02 Apr 2023

SKARV: More eyes on marine pollution

In recent years, our projects have increased in size, with different requirements for the preparations. For example, more intensive scouting had to be done and surveys were also carried out above water in addition to the usual reconnaissance dives. An aerial reconnaissance turned out to be a logical and valuable addition here and this technique showed that in Mediterranean waters in particular, where visibility is generally good, we could even look through the water surface to a certain depth.

An example of this was our legendary Journey to Ithaca project in 2021, with which we cleaned up a completely abandoned and partly submerged aquaculture. The company that had gone bankrupt in 2012 had left behind fish farm cages and other equipment that polluted the area endangering the local community, marine life as well as maritime traffic. In September 2020, Ianos, a rare hurricane-like storm caused the tons of industrial type of plastic pipes, fishing nets, nylon ropes, concrete blocks, plastic buoys, large rusty metal pieces and all kinds of waste to be carried away, later to be found floating on the surface of the sea, laying on the seabed and on the beaches.

Here we were able to detect a large part of the pollution from the air, then based our plan on this and make the necessary targeted preparations. From this moment on, drones were an indispensable part of our projects.

In October 2022, we further developed this technique under the guidance of conservation biologist, Dr Sol Milne of Wolf Fish Ltd. He and Ghost Diving Greece Coordinator, Nikos Vardakas, have poured this into the research project 'Coasts Untangled', aiming at developing aerial surveying methods to better see into water with rugged & complex bottom topography, coupled with scuba-diving transect surveys to locate lost fishing gear, ultimately aiding their removal. The project was supported by Ocean Conservancy's Small Grants Program – Global Ghost Gear Initiative.

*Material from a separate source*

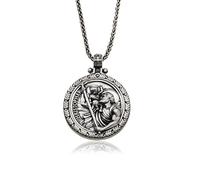 bysilvergates Collana in argento Sterling 925 con San Cristoforo/San Michele Arcangelo/Medaglie di San Benedetto per uomini e donne - Ciondolo religioso da uomo, Argento sterling, Nessuna pietra
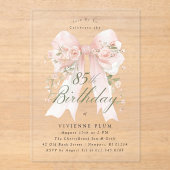 CLEAR ACRYLIC 85th Birthday Pink Bow Rose Floral アクリル招待状 (正面)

Because this activity has nothing to do with diving, but just like diving requires a lot of (equipment) knowledge and training, we have decided to place this in a separate project / organization called: SKARV.

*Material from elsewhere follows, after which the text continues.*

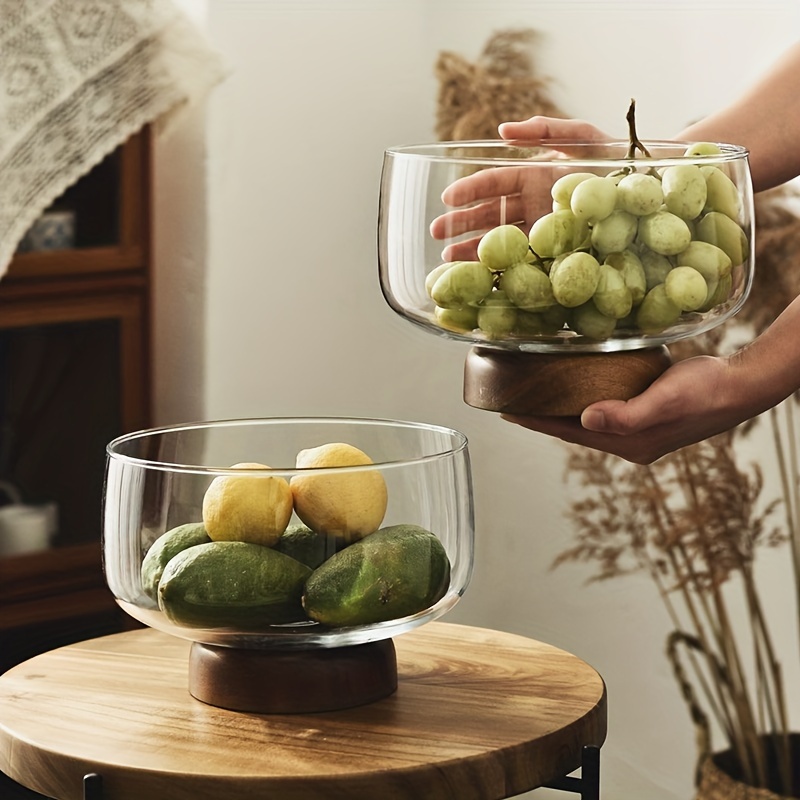 Creative Glass Fruit Bowl Ornamental Fruit Plate With Wooden - Temu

Skarv is the Norwegian name for Cormorant. The cormorant is one of the waterfowl most often killed by lost or abandoned fishing gear. Because the bird can dive deep and long to hunt fish, fishing gear acts on these animals in the same way as on fish, they become entangled and drown. Our name is a tribute to these amazing birds.

With SKARV our volunteers focus on the use of drones against lost or abandoned fishing gear, marine pollution, and illegal fishing. This is a support initiative for and by volunteers of the Ghost Diving and Healthy Seas organizations.